L'incipit con la prima parte della title track è già programmatico dello stile del gruppo, con un inizio di delicato rumorismo opera di Muir che si risolve in un cupo e sospeso accordo di violino, che prelude all'entrata di Fripp il quale infila una serie di passaggi chitarristici ora frenetici ora quasi hard con la sezione ritmica in piena epilessia che divaga su territori jazzati; il violino di Cross chiude poi il brano in toni più lirici, sebbene sempre oscuri.

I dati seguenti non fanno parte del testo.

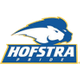 霍夫斯特拉女篮logo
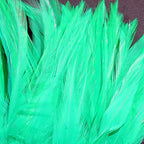 whitlock's turquoise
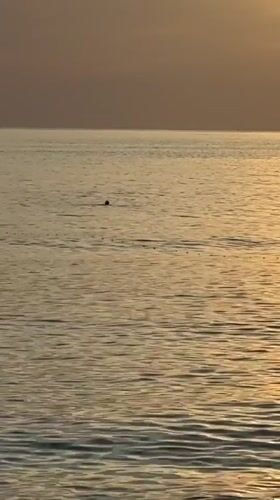 Sunset beach activities captured along Bar, Montenegro coastline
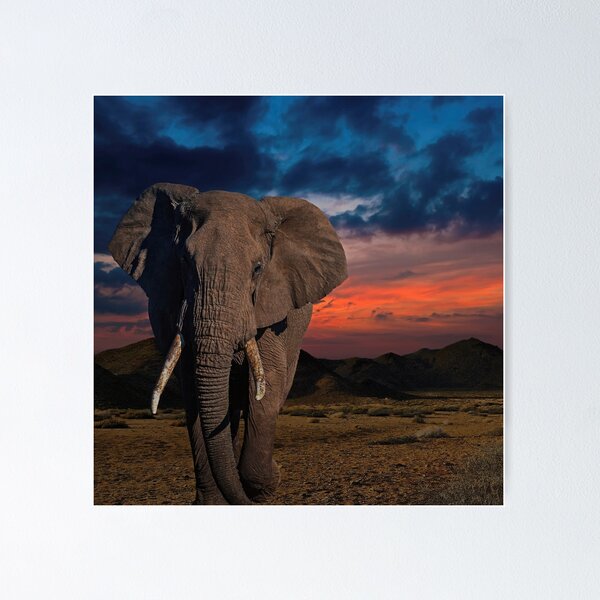 Item preview, African Elephant Beneath a Fiery Sunset designed and sold by SanaaYangu.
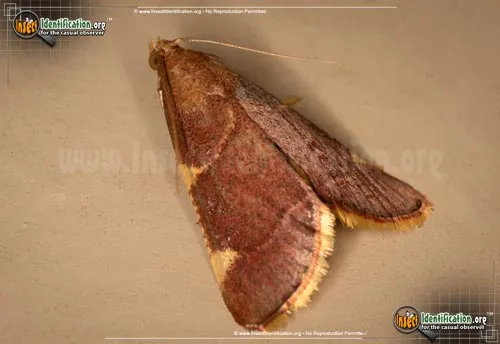 Pink-fringed Dolichomia Moth - photo 2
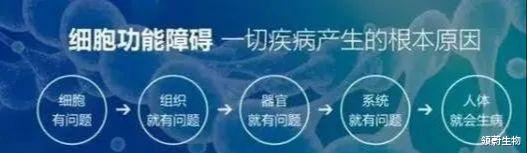 干细胞 — 亚健康的天敌,人体健康的保障!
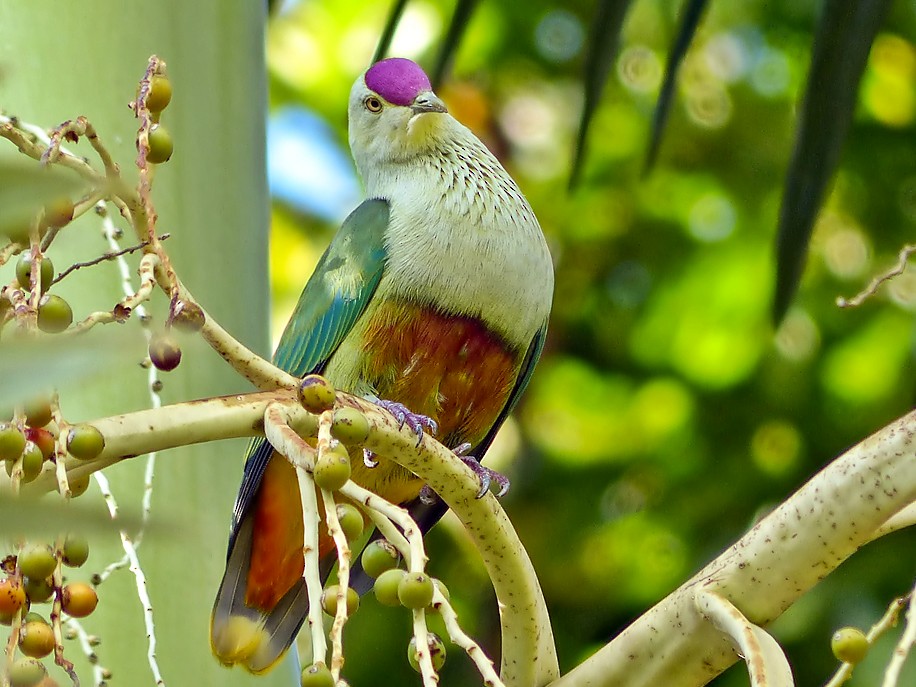 Crimson-crowned Fruit-Dove - Andy Walker - Birding Ecotours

Già dal primo brano appare abissale il distacco dal gruppo di Islands: innanzi tutto i King Crimson sono in parte diventati una guitar-oriented band, poi il sound complessivo è condizionato dalle notevoli capacità tecniche dei musicisti, molto superiori alle precedenti formazioni. Prevalgono poi toni minacciosi, oscuri, con derive quasi hard che si sfrangiano in un eclettismo strumentale, vero elemento centrale e "progressivo", con continue e inaspettate variazione ritmiche e melodiche, con la sezione ritmica che assurge a ruolo creativo con forti richiami, almeno come impostazione di fondo, al jazz-rock.

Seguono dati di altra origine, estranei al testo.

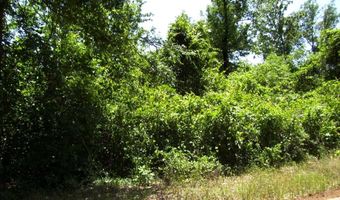 1131 LR 35, Ashdown, AR 71822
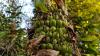 Banana Species in Cambodia: An Amateur Botanist’s Perspective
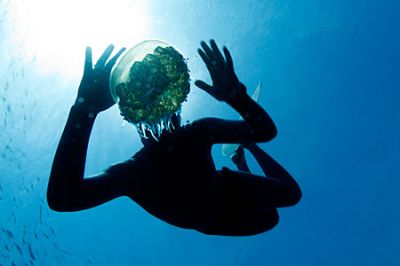 Ubojica iz dubina: Američka meduza istrijebit će ribu u Jadranu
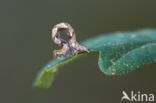 Bruine oogspanner (Cyclophora quercimontaria)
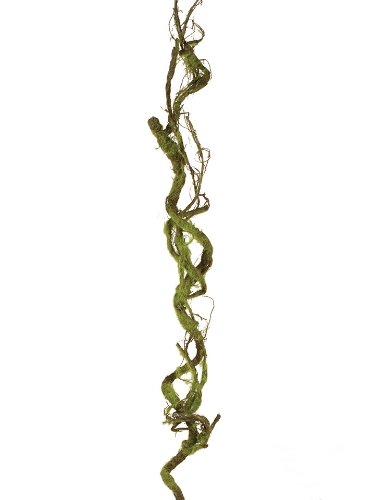 Picture of 42" MOSSY TWIG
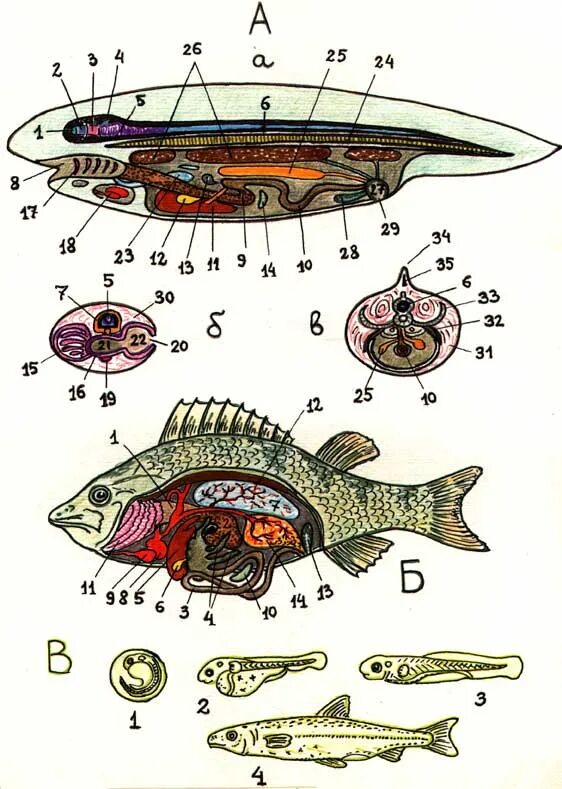 Внутреннее строение щуки. Внутреннее строение рыбы фугу. Налим строение внутренних органов. Строение внутренностей рыбы. Строение рыбы в разрезе.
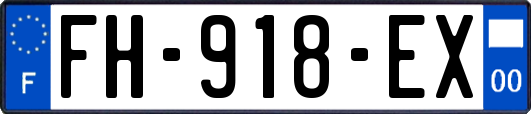 FH-918-EX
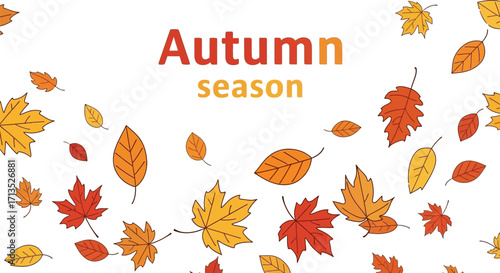 Autumn season with colorful leaves falling vector illustration design for banner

Ancora più lampante in tal senso la seconda parte della title track, con Fripp che costruisce tutto il brano su semplici riff chitarristici lanciati in progressione ed espansi via via da innumerevoli inserti strumentali fino all'esplosione finale. In "Talking Drum" una ipnotica base ritmica in crescendo fa da sfondo a una linea melodica vagamente orientaleggiante tenuta da Cross e doppiata dalla chitarra lancinante di Fripp. Più deludenti i brani cantati, con la breve "Book Of Saturday", che prova senza successo lirismi in prove precedenti più centrati, "Easy Money" stupisce per la banalità della melodia salvata solo dagli equilibrismi frippiani (molto più coinvolgenti nella dimensione live, comunque), più riuscita la malinconica "Exiles", con bellissimi stacchi di Cross al violino.

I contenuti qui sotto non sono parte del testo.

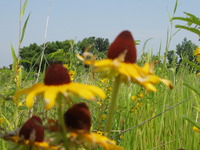 2007 Jack Strawhacker photos of coneflowers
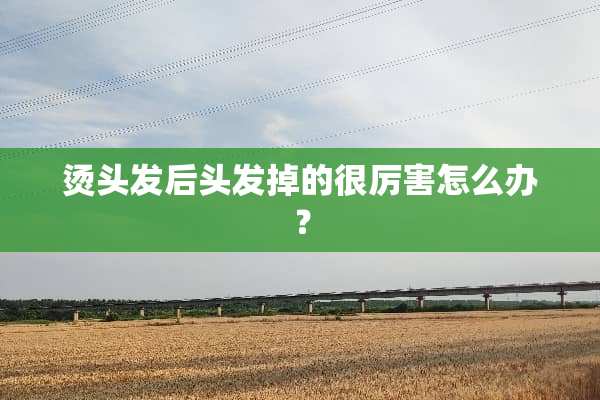 烫头发后头发掉的很厉害怎么办？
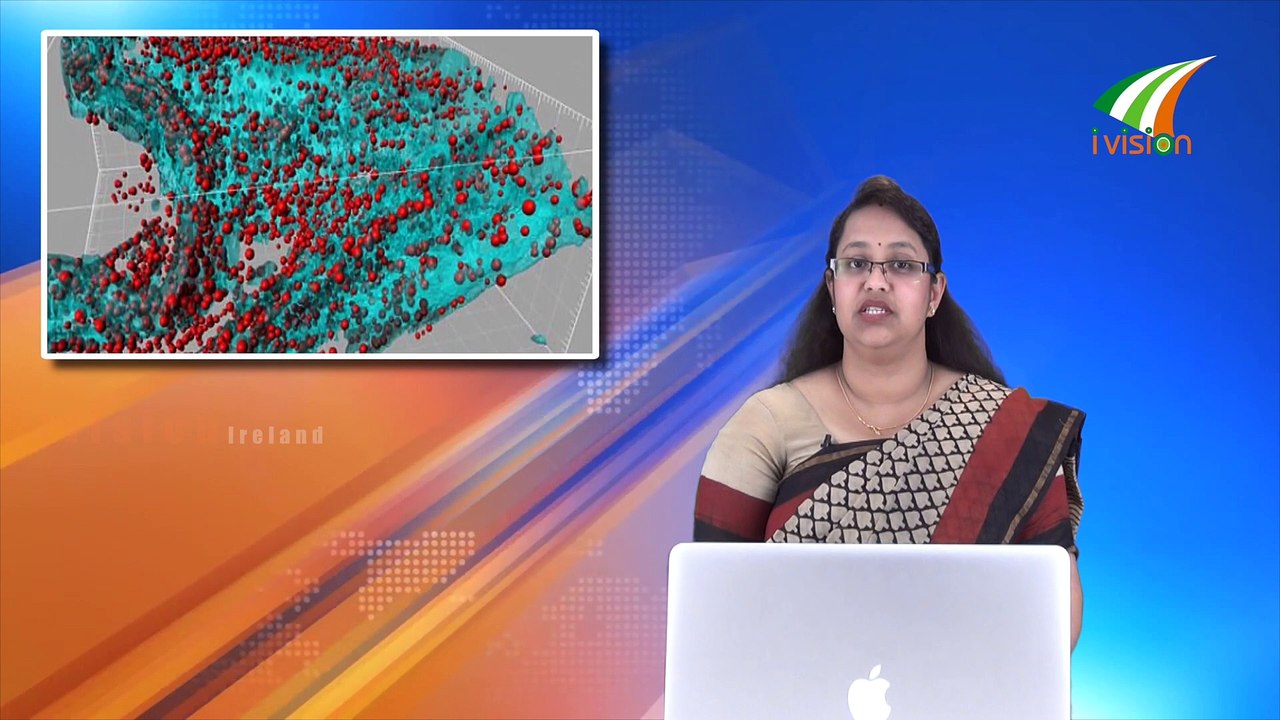 ലോകത്തിലെ ഏറ്റവും ചിലവേറിയ കേക്ക് നിർമിച്ചു ദുബായിലെ Ivision Ireland Malayalam News 35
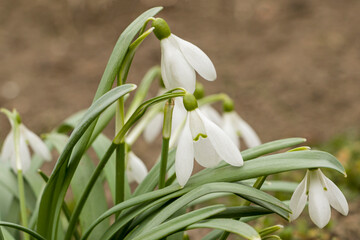 Snowdrops. First flowers. Delicate spring flowers. Blooming snowdrops in the forest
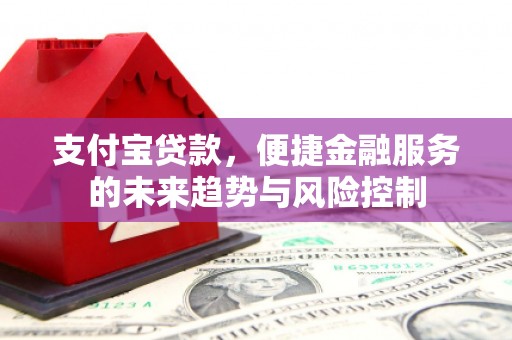 利辛支付宝贷款，便捷金融服务的未来趋势与风险控制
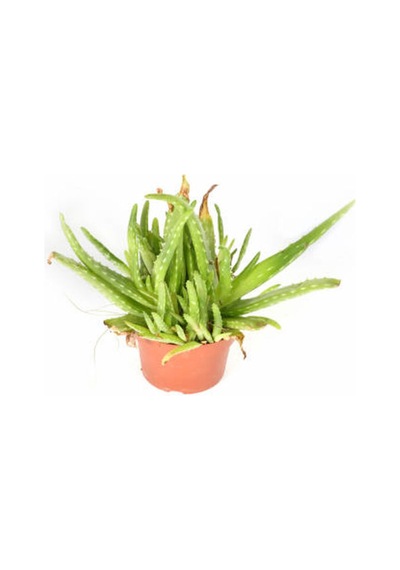 Videolu Aloe Vera Biktisi 1 Adet Saksılı/ Tüplü 15-30cm Iç Mekan Salon Bitkisi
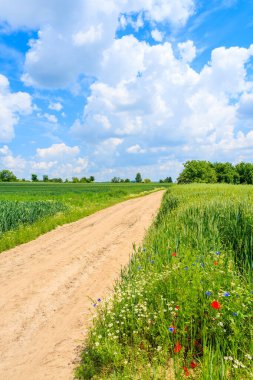 Yaz manzarasında manzaralı kırsal yol ve yeşil alanlar, Polonya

Opera a mio parere un po' sopravvalutata, Lark's Tongue In Aspic risulta comunque essere un passaggio importante perché stampo di un nuovo sound foriero di ulteriori sviluppi e soprattutto tuttora moderno. Se infatti i brani della prima fase del gruppo ascoltati oggi, al di là dei giudizi, appaiono senz'altro, anche a un ascoltatore distratto, appartenenti a stagione passate, non così i brani di Lark's Tongue In Aspic, in particolare gli strumentali, posti come sono tra la tesi di un rock aspro e diretto e l'antitesi della sua negazione in un intellettualismo, tipico dei Crimson in tutte le varie incarnazioni passate e future, che ne rompe non solo gli schemi ma anche il mood e il pubblico di riferimento. La musica del gruppo, in questa fase, parte sicuramente dal recupero di una visceralità rock, che però viene sottoposta a una decomposizione e a una consapevole e programmatica ristrutturazione su basi puramente razionali.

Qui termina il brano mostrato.